Fig. 2 — Structures and activities of 10 selected anti-gametocyte compounds. Structures and concentration-response curves of selected lead compounds (NCGC00114940, NCGC00134134, NCGC00134128, NCGC00134154, NCGC00134126, NCGC00134132, NCGC00104490, NCGC00134130, NCGC00134124, and NCGC00106780) determined in the gametocyte viability assay (*green*), asexual parasite growth assay (*blue*) and HepG2 cytotoxicity assay (*red*). Cluster names are included. Data are presented as mean ± SD with n = 3 independent experiments

Activities of confirmed compounds against asexual parasites

In order to identify the compounds active against both gametocytes and asexual parasites, the activity of the 32 confirmed gametocytocidal compounds was determined using a parasite growth inhibition assay [27]. Among the compounds tested, 27 of them inhibited the growth of asexual parasites with IC₅₀s less than 10 µM and maximum responses >75% (Table 1; Fig. 2). The remaining five compounds showed IC₅₀s higher than 10 µM (Table 1). Three compounds (NCGC00134126, NCGC00134124, and NCGC00110901) showed slightly lower IC₅₀s in the gametocyte viability assay than that in the asexual parasite growth assay (ratio of IC₅₀s = ~fourfold) and 9 compounds (NCGC00134795, NCGC00100599, NCGC00101506, NCGC00141020, NCGC00100597, NCGC00127015, NCGC00126987, NCGC00104044, and NCGC00140326) showed higher IC₅₀s in the gametocyte viability assay than that in the asexual parasite growth assay (ratio of IC₅₀s from 3.21 to 17.5-fold). The other 20 compounds showed similar activity (ratio of IC₅₀s within threefold). Among these confirmed hits, 16 compounds decreased gametocyte viability to <10% in the preparations of late stage gametocytes, including the 3 molecules with an IC₅₀ gametocyte/asexual ratio of ~4.

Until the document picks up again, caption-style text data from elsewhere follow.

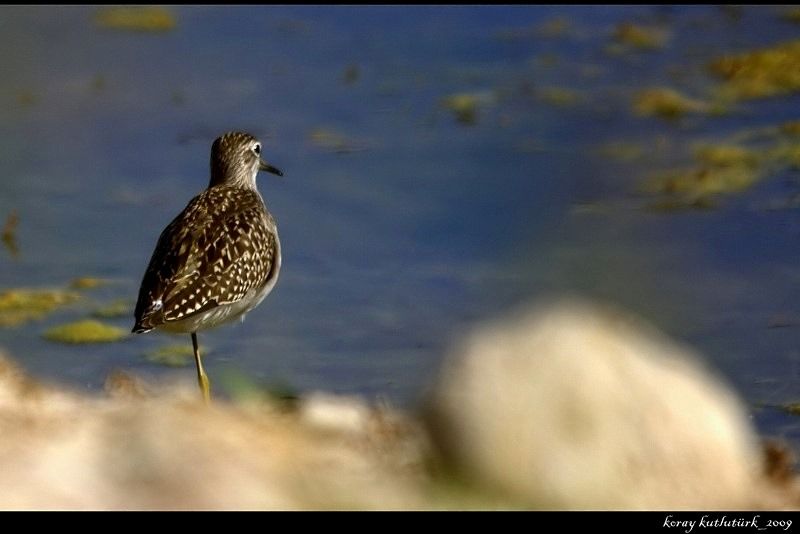 Wood Sandpiper
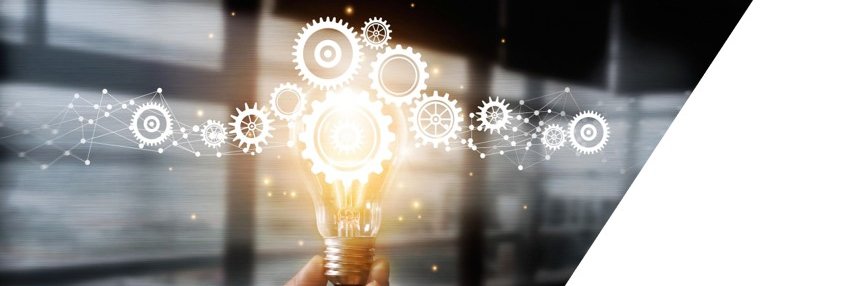 Theresa Kushner banner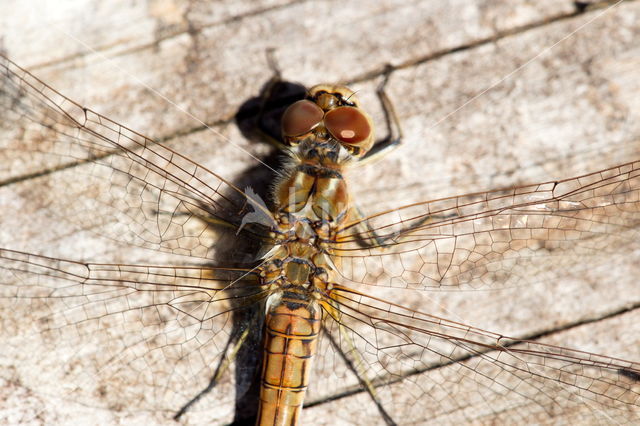 Viervlek (Libellula quadrimaculata)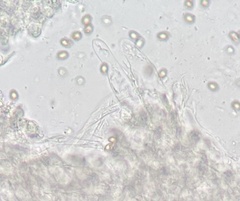 Volvariella murinella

Cytotoxicity of confirmed compounds in HepG2 cells

To eliminate the general cytotoxic compounds from the confirmed compounds, the cytotoxic effect of these compounds was determined in mammalian HepG2 cells with an AlamarBlue assay using an 11-concentration titration from 0.001 to 46 µM. Of the 32 compounds tested 28, including the 3 compounds that preferentially targeted gametocytes, were not cytotoxic at the highest compound concentration of 46 µM in the HepG2 cells. The remaining four compounds showed weak cytotoxicity with respect to HepG2 cells: NCGC00127017 (IC₅₀ = 25.32 ± 5.41 µM, maximum response at 87.6%), NCGC00127015 (38.39 ± 0.48 µM, maximum response at 87.2%), NCGC00126987 (38.6 ± 0.42 µM, maximum response at 86.1%), and NCGC00126892 (34.37 ± 5.36 µM, maximum response at 93.0%).

Three novel structural clusters identified from confirmed active compounds

The chemical structures of the confirmed compounds were then analysed based on their chemical similarity and found 10 diverse clusters (Table 1). Several structural clusters are known anti-malarial scaffolds including 2,4-diaminopyrimidines (for example, NCGC00134128, pyrimethamine-like), 4H-chromen-4-ones (for example, NCGC00100599, MMV665820-like) [4], and 8-quinolinols (for example, MMV000788-like). 4H-chromen-4-ones are more active against sexual parasites than against asexual parasites. Notably, three novel clusters containing 3-amino-imidazo[1,2-a]pyridines (for example, NCGC00104490), 3H-imidazo[4,5-b]pyridines (NCGC00134795), and 4-1H-pyrazol-5-yl piperidines (for example, NCGC00127017) were active against both asexual and sexual parasites. To the best of our knowledge, these new scaffolds have not been reported as anti-malarial agents before.

Human kinase profiling of the two most potent hits

To avoid compounds that also inhibit human kinases, as has been a problem for some previous anti-malarial drug candidates [14, 28], the binding affinities to 468 human kinases were tested for the two most potent compounds identified in this screen. NCGC00100599 is the most potent compound against asexual parasites with an IC₅₀ of 0.339 µM and a gametocytocidal IC₅₀ of 4.18 µM. The other compound NCGC00114940 was similarly effective against gametocytes (IC₅₀ = 0.620 µM) and asexual parasites (IC₅₀ of 1.16 µM). At 10 µM, NCGC00100599 had relatively low affinity inhibitory activity against 13 out of 468 human kinases (Fig. 3; Table 2), whereas NCGC00114940 did not affect the activity of any of the 468 human kinases (Fig. 3).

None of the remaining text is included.